No synergy for Clear Channel
After radio/billboard oligopoly Clear Channel acquired SFX Entertainment in 2000, the thought was that the company would use its dominance of the airwaves to promote concerts ever more profitably, the type of synergy between media that seemed unbeatable. Clear Channel, the bad boy of music industry, seemed like a juggernaut.
As a Wall Street Journal article notes ("Clear Channel To Dismantle Media Empire", 4/29/05)
Clear Channel figured its radio stations and billboards could shill upcoming concerts, and performers would gravitate to its venues for the extra marketing. The radio stations would push concert offerings in each market, and the concert and sports arenas could promote the radio stations.
But Clear Channel, faced with seriously declining growth and profits, decided to drop the concert group, spinning it off as an independent company. In the opinion of the WSJ article, it came from consumer resentment:
Clear Channel didn't get the anticipated boost. Instead, its empire opened Clear Channel up to charges of monopolization and went on to become a public-relations disaster. Music fans -- already angry at the radio consolidation they believed had sucked the personality out of local stations and put too much control in the hands of a few big chains -- now latched onto the fact that the nation's largest radio owner now was also the nation's largest concert promoter. Rising concert ticket prices, to pay for larger artist guarantees, added to their disdain.
But Clear Channel has problems that the resentment of a few knowledgeable fans can't account for. Radio ad revenues were down as well.
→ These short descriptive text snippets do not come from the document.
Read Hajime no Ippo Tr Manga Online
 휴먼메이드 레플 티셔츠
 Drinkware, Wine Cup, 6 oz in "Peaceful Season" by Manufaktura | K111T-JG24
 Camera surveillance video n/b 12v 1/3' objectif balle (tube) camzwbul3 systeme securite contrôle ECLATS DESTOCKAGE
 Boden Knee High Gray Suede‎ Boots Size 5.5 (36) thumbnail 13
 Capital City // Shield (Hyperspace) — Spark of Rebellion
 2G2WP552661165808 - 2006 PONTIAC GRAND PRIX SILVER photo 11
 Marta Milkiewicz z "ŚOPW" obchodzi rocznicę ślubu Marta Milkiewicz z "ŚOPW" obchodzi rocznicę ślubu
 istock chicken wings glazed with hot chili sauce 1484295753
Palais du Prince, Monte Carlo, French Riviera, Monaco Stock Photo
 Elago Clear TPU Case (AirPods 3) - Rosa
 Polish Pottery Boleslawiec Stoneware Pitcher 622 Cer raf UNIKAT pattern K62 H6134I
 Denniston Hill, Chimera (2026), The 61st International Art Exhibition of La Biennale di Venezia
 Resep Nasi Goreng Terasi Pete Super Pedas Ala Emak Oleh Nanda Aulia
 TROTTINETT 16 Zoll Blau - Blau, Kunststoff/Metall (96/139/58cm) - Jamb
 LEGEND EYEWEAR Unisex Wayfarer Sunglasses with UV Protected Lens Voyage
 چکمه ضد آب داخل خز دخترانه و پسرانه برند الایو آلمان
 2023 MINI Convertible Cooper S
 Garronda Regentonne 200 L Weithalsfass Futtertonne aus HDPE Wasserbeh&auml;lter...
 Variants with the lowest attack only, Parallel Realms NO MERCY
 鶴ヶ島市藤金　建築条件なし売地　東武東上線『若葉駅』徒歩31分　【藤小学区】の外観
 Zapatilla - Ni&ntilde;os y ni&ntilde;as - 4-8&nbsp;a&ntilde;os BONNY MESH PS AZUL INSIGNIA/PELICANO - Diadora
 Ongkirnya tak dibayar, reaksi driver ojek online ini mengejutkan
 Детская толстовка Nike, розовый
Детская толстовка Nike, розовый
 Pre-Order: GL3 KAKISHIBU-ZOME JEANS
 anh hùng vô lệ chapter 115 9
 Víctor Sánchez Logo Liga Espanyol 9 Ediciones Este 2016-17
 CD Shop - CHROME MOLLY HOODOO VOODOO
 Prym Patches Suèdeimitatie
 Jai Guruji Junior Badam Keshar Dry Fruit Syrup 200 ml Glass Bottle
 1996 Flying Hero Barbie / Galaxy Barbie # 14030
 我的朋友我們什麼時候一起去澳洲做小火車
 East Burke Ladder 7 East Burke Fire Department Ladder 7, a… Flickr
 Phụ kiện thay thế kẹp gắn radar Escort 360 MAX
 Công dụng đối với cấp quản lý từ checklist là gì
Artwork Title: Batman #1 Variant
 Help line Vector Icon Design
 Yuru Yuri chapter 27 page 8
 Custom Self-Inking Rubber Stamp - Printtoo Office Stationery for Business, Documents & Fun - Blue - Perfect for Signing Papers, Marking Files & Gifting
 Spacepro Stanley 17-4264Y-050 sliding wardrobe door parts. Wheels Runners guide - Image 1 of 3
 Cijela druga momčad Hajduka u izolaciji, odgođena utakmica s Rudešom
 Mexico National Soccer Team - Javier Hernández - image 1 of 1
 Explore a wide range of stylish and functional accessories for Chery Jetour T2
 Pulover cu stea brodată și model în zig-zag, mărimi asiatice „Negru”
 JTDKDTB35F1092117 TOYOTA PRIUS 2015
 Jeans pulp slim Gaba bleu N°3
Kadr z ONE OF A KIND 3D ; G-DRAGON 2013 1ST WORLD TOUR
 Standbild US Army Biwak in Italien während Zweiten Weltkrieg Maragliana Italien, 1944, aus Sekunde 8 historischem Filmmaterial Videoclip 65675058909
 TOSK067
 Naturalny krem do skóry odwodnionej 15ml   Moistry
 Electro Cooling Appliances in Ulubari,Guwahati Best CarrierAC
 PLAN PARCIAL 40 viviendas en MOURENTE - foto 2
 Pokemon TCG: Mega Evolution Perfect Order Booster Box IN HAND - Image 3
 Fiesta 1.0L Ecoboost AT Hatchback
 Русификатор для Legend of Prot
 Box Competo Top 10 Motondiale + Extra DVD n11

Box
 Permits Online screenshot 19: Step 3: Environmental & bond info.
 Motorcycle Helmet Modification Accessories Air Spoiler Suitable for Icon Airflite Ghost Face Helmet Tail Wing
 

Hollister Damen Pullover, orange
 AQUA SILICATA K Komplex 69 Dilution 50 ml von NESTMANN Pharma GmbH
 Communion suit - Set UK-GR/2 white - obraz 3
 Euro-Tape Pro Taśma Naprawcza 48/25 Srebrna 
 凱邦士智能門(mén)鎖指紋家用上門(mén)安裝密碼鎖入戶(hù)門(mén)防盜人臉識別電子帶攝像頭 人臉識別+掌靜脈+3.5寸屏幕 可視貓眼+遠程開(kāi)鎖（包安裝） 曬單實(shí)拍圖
This may have as much to do with the problems of the music industry as a whole, and the emerging availability of alternatives like digital radio and digital music players like the iPod that have lessened interest and participation in the mainstream music industry. That, in turn, affects concerts as there are fewer blockbuster names that can fill big venues and command outrageous ticket prices.
The whole episode points out the dangers of the belief in synergy between media, already well proven by the problems of Time-Warner, Sony, and Viacom. It also illustrates the practice of picking up and discarding units when they do not live up to revenue expectations. Clear Channel will concentrate on enhancing revenue from its more profitable radio and billboard operations.